Quien muere deja una luz y alcanza otra.
He tenido que acompañar en la hora de la muerte a parte de mi familia y varios amigos, conocidos y no conocidos. Teresa de Lisieux poco antes de morir decía: “No muero, entro en la vida”.
Creer en Jesús es encontrarse con la persona que es el camino, la verdad y la vida. Cuando uno ha empezado a vivir la vida de Jesucristo, uno está convencido de que esa vida no puede terminar nunca. Es una vida que brota del amor de Dios y el amor no muere. “Amar a alguien significa decirle: para mí tú no morirás nunca” (G. Marcel). Eso es lo que Dios y Jesús me susurran al oído cada vez que renuevo mi fe en ellos. Nuestro Dios es el Dios de la vida en el que tenemos vida eterna, vida que no termina (Juan 6,37-40).
Cuando se está convencido de que “la vida no termina sino que se transforma”, como dice el prefacio de difuntos, uno no tiene miedo a dejar la vida. Puede incluso entregarla libremente como Cristo. Darla incluso a favor de sus enemigos (Rm 5,5-11). Es ese gesto de amor el que nos da la certeza de que nuestra esperanza no nos engaña. Nuestra esperanza no es sólo para un más allá, sino que nos da ya un anticipo de la verdadera vida, que es amor. Cuando amamos estamos venciendo a la muerte y experimentando que la muerte no puede nada contra el que ama.
Incluso el mismo Job que se pasa la vida debatiéndose con Dios, experimentando ya la muerte en vida, eleva su protesta porque está convencido de que su estado de miseria no puede ser la última palabra de Dios sobre él. Si así fuera sería un Dios irreconocible. Por eso desde su postración hace una profesión de fe en la vida con Dios (Job 19,1.23-27). “Sé que mi redentor está vivo”. Pues mientras hay vida hay esperanza. Si mi redentor está vivo, no dejará que yo me hunda en la muerte. El redentor es la persona de la familia que tiene que responder por ella, que tiene que salvarla y liberarla. Cristo nuestro Redentor ha respondido por todos nosotros. Ha respondido con su vida. Por eso nosotros podemos vivir con esperanza. Nuestra vida ha sido ya rescatada de la tumba.

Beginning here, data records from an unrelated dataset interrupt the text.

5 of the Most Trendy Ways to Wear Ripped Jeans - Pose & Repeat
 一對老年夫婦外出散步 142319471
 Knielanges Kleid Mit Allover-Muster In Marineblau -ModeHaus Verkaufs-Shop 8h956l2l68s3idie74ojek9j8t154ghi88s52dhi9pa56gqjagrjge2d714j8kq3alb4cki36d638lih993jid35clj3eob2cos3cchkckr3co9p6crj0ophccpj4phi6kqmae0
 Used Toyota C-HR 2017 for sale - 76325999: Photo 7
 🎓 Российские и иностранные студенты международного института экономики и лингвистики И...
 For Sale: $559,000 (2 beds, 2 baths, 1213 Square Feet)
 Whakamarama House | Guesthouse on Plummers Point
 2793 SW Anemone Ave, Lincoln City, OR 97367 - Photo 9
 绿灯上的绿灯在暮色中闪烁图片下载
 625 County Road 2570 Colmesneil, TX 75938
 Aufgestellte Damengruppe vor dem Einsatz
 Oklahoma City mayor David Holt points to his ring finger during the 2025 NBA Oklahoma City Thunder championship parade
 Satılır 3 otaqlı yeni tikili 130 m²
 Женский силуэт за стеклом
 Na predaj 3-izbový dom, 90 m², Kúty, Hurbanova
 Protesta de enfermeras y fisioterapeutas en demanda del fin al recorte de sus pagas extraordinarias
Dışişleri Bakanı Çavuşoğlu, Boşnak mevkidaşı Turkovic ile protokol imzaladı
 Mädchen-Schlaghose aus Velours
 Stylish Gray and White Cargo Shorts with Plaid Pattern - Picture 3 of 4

Al celebrar la eucaristía, memorial de la salvación, celebremos esa salvación en la que ya han entrado nuestros seres queridos difuntos. La oración nos permite relacionarnos con ellos y descubrirlos vivos y actuantes. Ahora, aunque no los veamos, están mucho más presentes que cuando vivían pues no tienen las limitaciones del tiempo, del espacio, del cuerpo. Ahora con Cristo son una presencia pura que irrumpe en nuestra existencia y transforma nuestra soledad y nuestra tristeza. Que ellos intercedan ante el Señor para que un día nos reunamos todos en la casa del Padre.